Die Polizei bestätigt den Vorfall, letztlich habe es aber keine objektive Bedrohung gegeben. Der Mann sei psychisch auffällig gewesen. Aber der Pressesprecher der Polizei Oberbayern Nord, Kammerer, sagt auch: Die subjektive Bedrohung ist eine andere Geschichte.
Der Sprecher des Bistums München und Freising Kellner kann die Entscheidung des Pfarrers deshalb absolut nachvollziehen:
"Wir bedauern diese Entwicklung sehr, aber wir respektieren die Entscheidung des Pfarrers und wir stehen an seiner Seite."

Erleichterung und Blick nach vorn

Ndschimbi Tschiende will zur Zeit keine Interviews geben.
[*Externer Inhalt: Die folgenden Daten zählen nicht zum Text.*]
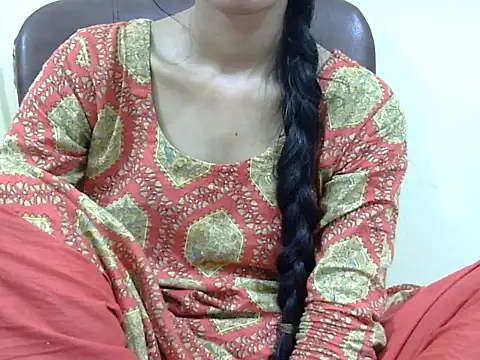 Snapshot of smallcuute chatting on 5, 11, 2025 smallcuute online show from 5, 11, 2025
Über den Sprecher des Bistums München und Freising, Kellner, lässt der Pfarrer aber ausrichten, dass es ihm so weit gut gehe:
"Er sagt, er ist jetzt eher erleichtert, dass er die Entscheidung getroffen hat und dass er sie der Gemeinde mitteilen konnte und er blickt jetzt nach vorne, er will der Kirche weiter dienen. Er will neue Aufgaben wahrnehmen."
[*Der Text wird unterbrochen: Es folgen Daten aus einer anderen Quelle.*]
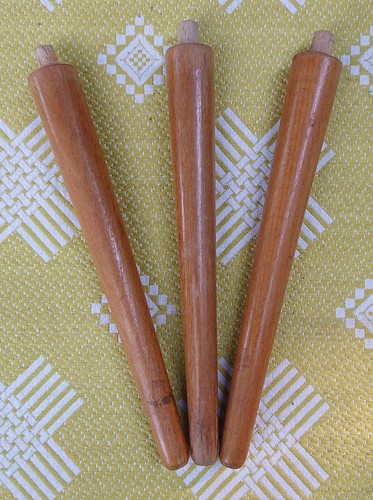 Old furniture feet - 3, table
Die Politik hat als Reaktion auf den Rücktritt des Pfarrers die Drohungen einhellig verurteilt. CSU-Chef Seehofer nannte den Vorgang völlig inakzeptabel. Die bayerische Justiz müsse alles daran setzen, das aufzuarbeiten.
Und das tut sie und nicht erst seit gestern. Seit vergangenen November ermittelt die Abteilung Staatsschutz der Kriminalpolizei Erding. Bisher allerdings noch weitgehend ohne Erfolg, wie der Pressesprecher der Polizei Oberbayern Nord, Kammerer, zugeben muss:
"Wir haben keine Spur, keinen Anhalt auf eine Person, die der Brief- oder Postkartenschreiber sein könnte."